Stars including Alice Patten, the daughter of Lord Patten of Barnes, and Hazel Crowney, a former model from Kent, have been accused of stealing jobs from local girls.
His campaign for a ban on the estimated 1,000 British and other foreign actors who regularly appear in Bollywood films has been widely criticised but many foreign actors are too afraid to speak out.
The campaign for a ban comes as increasing numbers of European and South American actresses are finding roles in Bollywood movies.
In the last few years, Kylie Minogue and Denise Richards have appeared in major Indian films. Miss Patten starred in Rang De Basanti, one of the most popular Bollywood films of recent years, while Minogue appeared in a raunchy song and dance scene called Chiggy Wiggy in the film Blue with action hero Akshay Kumar.
It has also become increasingly common for Hollywood stars like Sylvester Stallone and Superman star Brandon Routh to take cameo roles in Bollywood productions to boost their appeal.
This international approach could now be threatened because producers and directors fear Raj Thackeray will ruin their films if they do not comply.
The campaign to ban foreign actors was launched last week after the MNS raided a the set of Crooked, starring Amitabh Bachchan, India's most famous star, and demanded to see the work permits of 136 foreign actors and actresses.
The MNS holds seats in the Mumbai region but its strength comes from its activists who are regarded by many as violent street thugs.

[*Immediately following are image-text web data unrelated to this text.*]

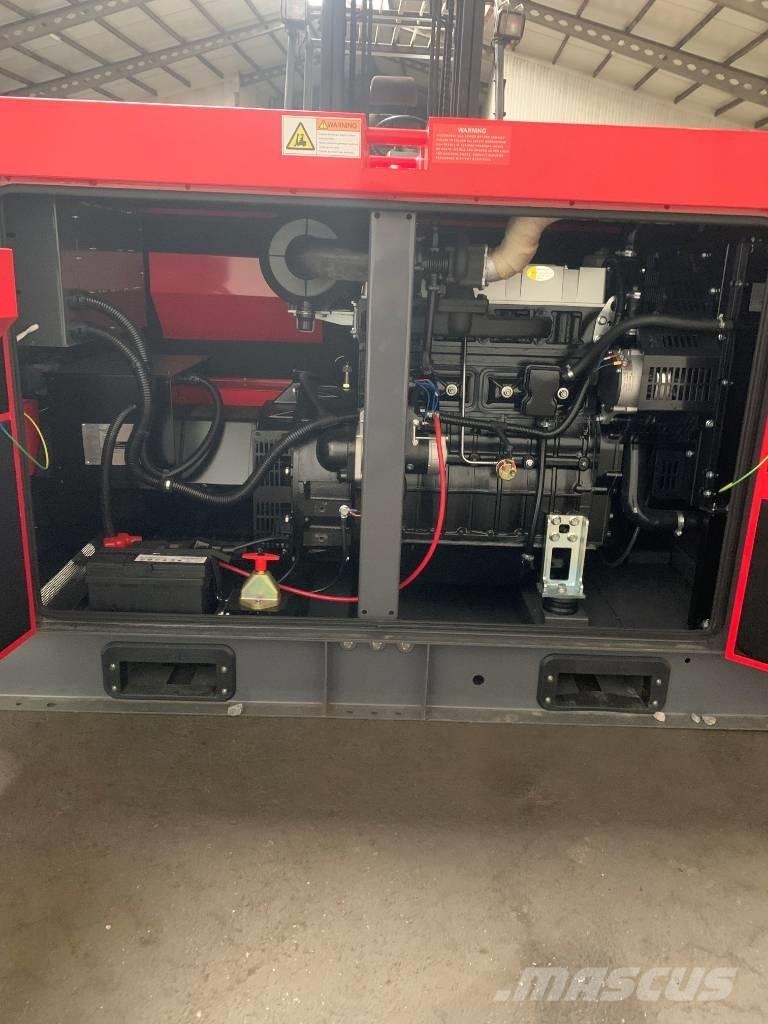 Ashita LG70 Diesel generatoren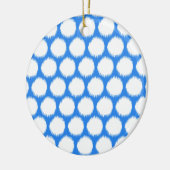 Ikat Design #7 @ Emporio Moffa Keramikornament (Links)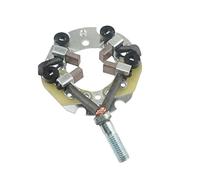 Set Di Spazzole Carbone 6N7 81840 Per Motori Fuoribordo 115HP 150HP 200HP Motorino di avviamento per auto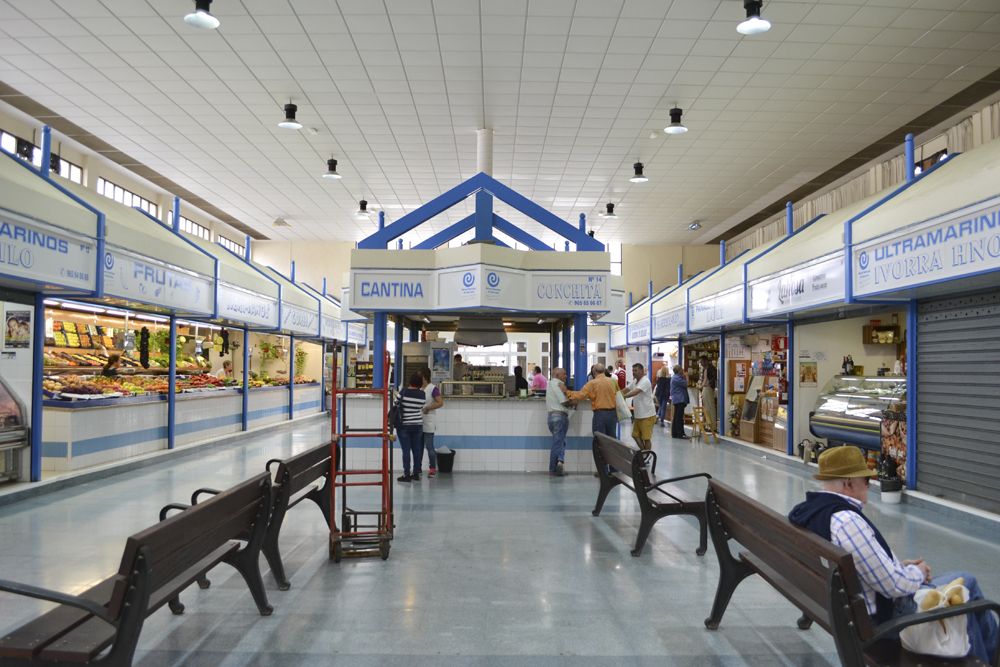 Mercado Municipal Sant Joan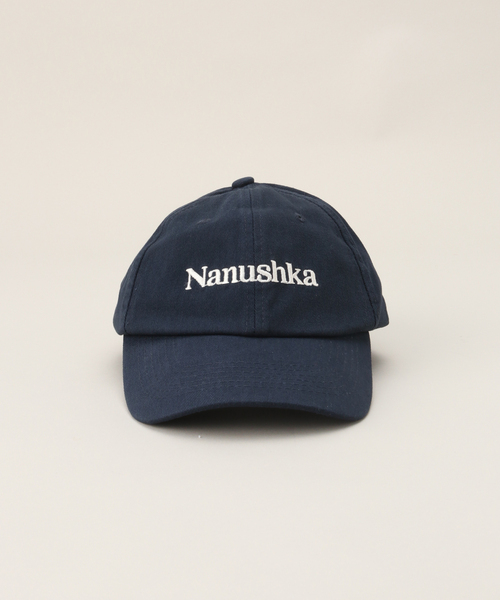 NANUSHKA/ナヌーシュカ】 VAL CAP nanushka（ナヌーシュカ）の「【NANUSHKA/ナヌーシュカ】 VAL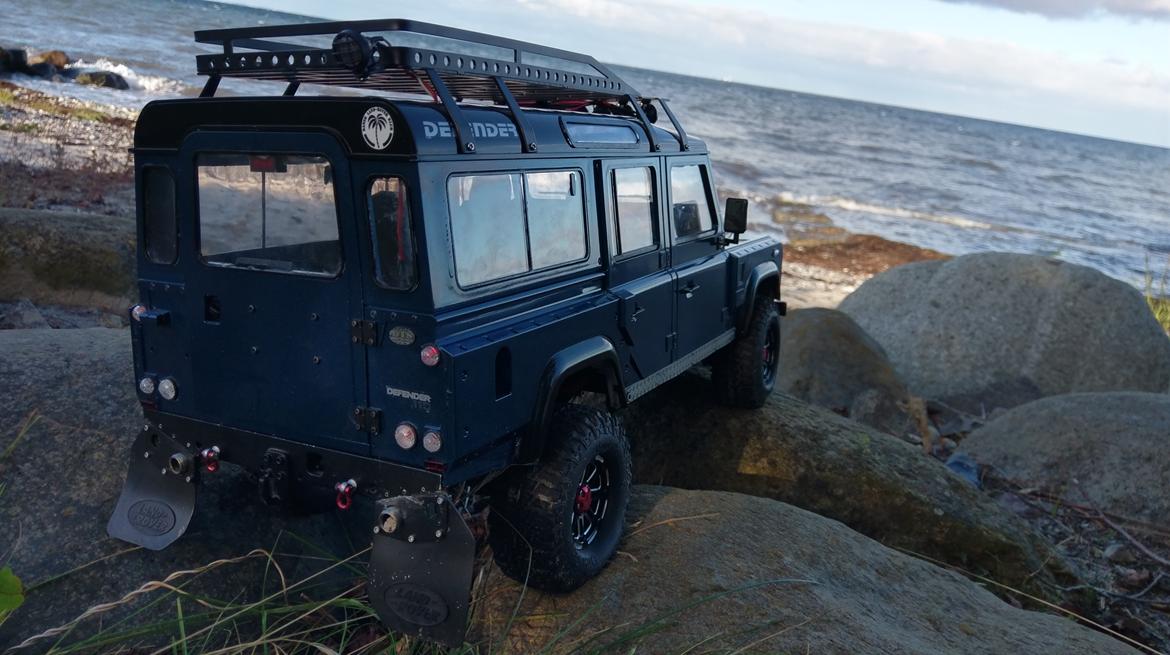 Off-Roader Team Reffee D110. KAHN. Funch edition. billede 29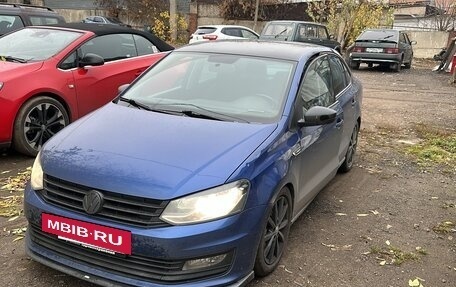 Volkswagen Polo VI (EU Market), 2018 год, 1 150 000 рублей, 3 фотография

Its supporters have launched violent attacks on rickshaw drivers from other parts of India and threatened organisations which retain the name 'Bombay' instead of 'Mumbai.'
MNS leader, said: "Why can't our Indian actors dance with locals? We will insist that only local junior artists should be employed.
"We will check whether they have valid permits. Many times, foreigners come here on tourist visas, but take up work in Bollywood."
She was supported by one of Bollywood's top dancers, Rakhi Sawant, who said: "Because of these foreigners, our Indian girls remain jobless. These white girls are like lollipops that only last for two days."
Vir Singhvi, one of India's leading commentators, said the party was using the issue to win over Mumbai's women voters who have so far shunned the MNS.
"The MNS says [these dance scenes] are against Indian traditions, vulgar and cheap. They do this to get women's votes because women object to half-naked dancers, but it's not enough of an issue for women to change their minds," he said.
Leading Indian film director Jag Mundra last night criticised the campaign and said it could push up costs and force film-makers to shoot more scenes overseas. To save money, directors usually hire attractive backpackers passing through Mumbai and shoot dance scenes in local clubs or film sets.
"The reason producers pick white girls is because a lot of them have better figures and are willing to expose them," he said.
"If you need a bikini shot, not many Indian girls are willing to turn up in a string bikini. But most white girls will not have an issue with that. Titillation has been an important part of Bollywood."